A memória do passado, por mais distante e ignota, subterrânea e inconsciente que seja, faz parte de nossa identidade.
Por Alfredo J. Gonçalves*
No percurso da humanidade sobre a face da terra, quatro dimensões aparecem duplamente dilaceradas: dilaceradas umas em relação às outras e dilaceradas no interior de si mesmas. A primeira delas tem a ver com o cotidiano das relações humanas – sejam estas de ordem interpessoal, social, econômica, política ou cultural. Trata-se de um terreno cheio de ambiguidades, onde crescem simultaneamente plantas viçosas e ervas daninhas. Disso resultam as injustiças e assimetrias, as contradições e incongruências, bem como um grande leque e uma enorme gama de formas de violência. Daí os conflitos de interesses, enfrentamentos armados e guerras de toda espécie.
Vem a seguir a dimensão que se refere à identidade da própria pessoa humana, ao “eu” mais íntimo e personalizado. Também neste caso, o campo é escorregadio, labiríntico e tortuoso. Luzes e sombras se mesclam, se confundem e se entrelaçam; medos e dúvidas, perguntas e inquietudes abrem espaço para temores e tremores.
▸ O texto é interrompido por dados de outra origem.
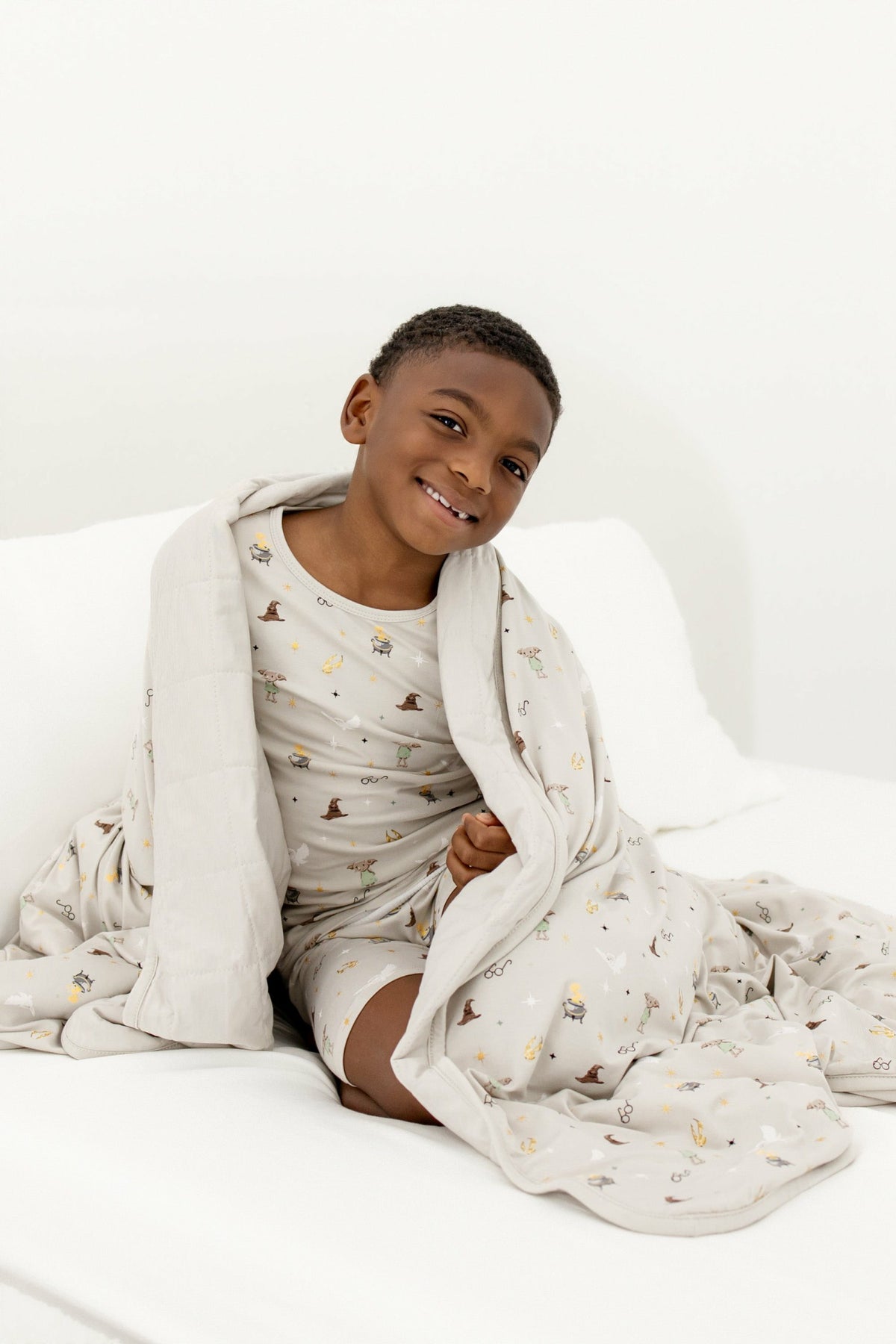 Kyte Baby Youth Blanket in Starry Icon 1.0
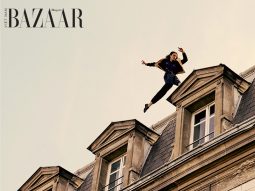 Saint Laurent Men Xuân Hè 2021 mời người mẫu chơi parkour trên mái nhà cheo leo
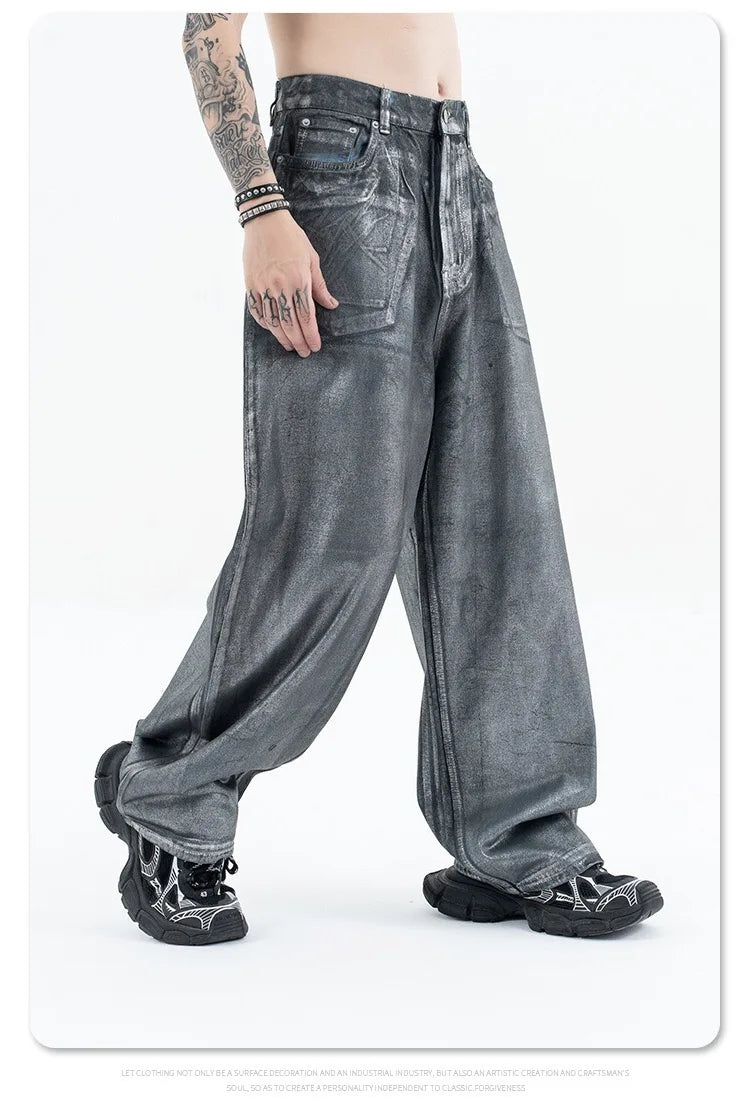 Autumn/winter 2024 loose wash jeans with silver coating
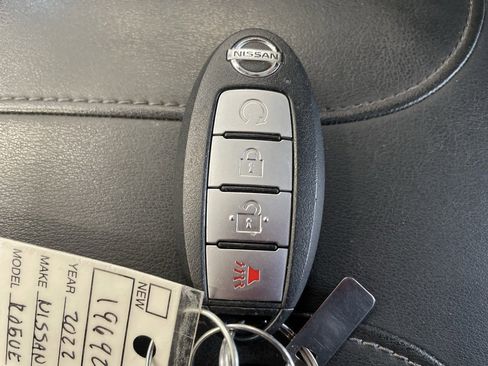 Certified 2022 Nissan Rogue Sport SV image 18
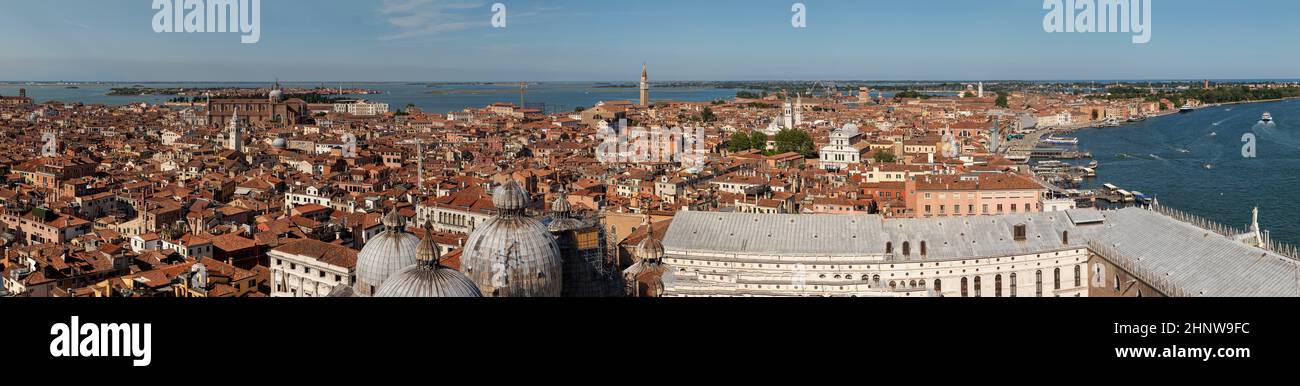Vue panoramique sur le toit de la cathédrale saint-marc et les gratte-ciel de Venise, Italie Banque D'Images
Não faltam tormentas e tempestades, e tampouco faltam imprevistos e sentimentos desconhecidos, às vezes selvagens. Instintos, desejos, paixões e interesses misturam-se com uma vontade de autosuperação. É conhecida a imagem do “coração inquieto”, que só obterá paz e descanso quando regressar à sua pátria original para ali repousar definitivamente, conforme a expressão de Santo Agostinho.
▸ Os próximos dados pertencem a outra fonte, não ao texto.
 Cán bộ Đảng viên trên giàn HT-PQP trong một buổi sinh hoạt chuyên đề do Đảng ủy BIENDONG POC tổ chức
A terceira dimensão refere-se à relação do ser humano com a natureza e o meio ambiente. E aqui, uma vez mais, nos encontramos em uma verdadeira encruzilhada. Como administrar de forma justa e equitativa a utilização dos recursos naturais e, ao mesmo tempo, o cuidado com o ecossistema? Em outros termos, como conciliar a busca e usufruto das fontes energéticas, por um lado, com a produção de alimentos, por outro? E como fazê-lo de tal forma que todas as pessoas, grupos, povos e nações sejam igualmente beneficiados pelos avanços da ciência e da tecnologia? São perguntas que emergem no contexto perturbador da desflorestação, desertificação e devastação crescente do solo; do aquecimento global, fonte de instabilidades climáticas cada vez mais acentuadas e às quais insistimos em chamar de “catástrofes naturais”; da extinção progressiva de várias espécies de fauna e flora, quando sabemos que o desaparecimento de uma planta ou de um animal, por mais insignificante que pareçam, empobrecem a própria vida humana…
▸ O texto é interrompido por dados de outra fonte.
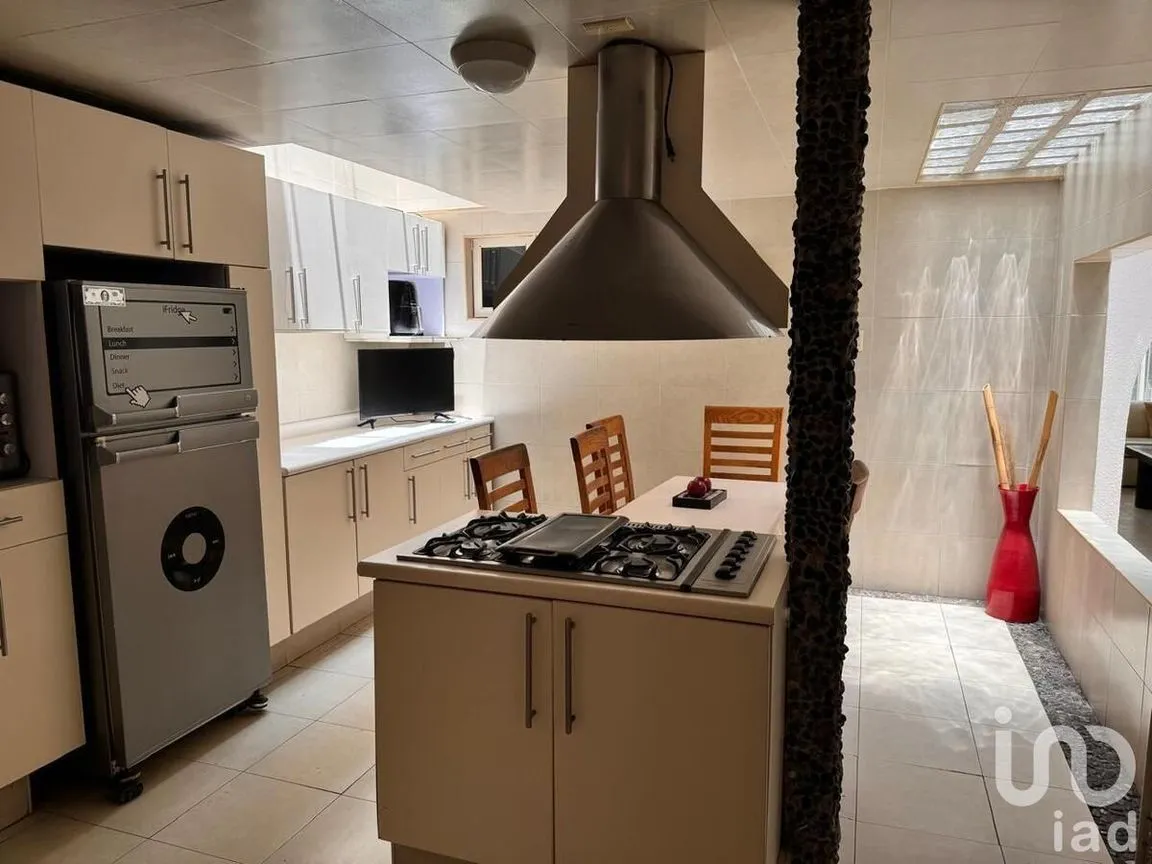 Casa en Venta en Ciudad Satélite, Naucalpan de Juárez, Estado De México | NEX-229816 | iad México | Foto 2 de 12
Por fim, a dimensão do ideal a que todos os homens e mulheres sonham e ansiosamente buscam. Podemos afirmar que nascemos potencialmente projetados para realizar, dia a dia, passo a passo, gota a gota, esse ideal tão almejado. Por ele sofremos, lutamos e esperamos – seja que o associemos à ideia de Deus, seja que o identifiquemos com o conceito de perfeição. E é justamente aqui que surge a pergunta fundamental: como tomar consciência das ambiguidades, contradições e incongruências que nascem e crescem em todas as quatro dimensões, avaliar as potencialidades ocultas em cada uma delas e, enfim, empreender a dura e árdua pavimentação conjunta de um caminho gradativo de superação?
Não podemos, sem mais, passar deste “vale de lágrimas” ao mundo das ideias, onde, como pensava o filósofo grego Platão, tudo é belo, bom e sadio. Para superar as limitações, fraquezas e debilidades do ser humano, torna-se necessário fazer delas próprias um trampolim para um passo a mais, “um passo, por menor que seja” (Steinbeck), ou para um degrau acima em direção à meta desejada. Nossas raízes, mesmo estando mergulhadas no solo lamacento e úmido, são indispensáveis para a produção de folhas, flores e frutos. A memória do passado, por mais distante e ignota, subterrânea e inconsciente que seja, faz parte de nossa identidade. Precisamos dela como alicerce sobre o qual construir solidamente o futuro, de acordo com aquilo que nos ensina a psicologia.
Em síntese, a subida deve ser precedida de uma corajosa descida às entranhas mesmas da carne humana, ainda que muitas vezes essa descida nos faça tropeçar com imagens do inferno e do purgatório, conforme o esquema do poeta italiano Dante Alighieri. Em outra imagem, antes de buscar o ar livre, o céu azul e a luz do sol, a semente deve buscar o próprio alimento no ventre mesmo da terra. Antes de crescer para cima, a árvore necessita crescer para baixo. Depois de nutrir-se com os ingredientes que encontra no chão, então sim, estará pronta para elevar-se ao alto – forte, robusta e vigorosa.
Montreal, Canadá, 19 de julho de 2016.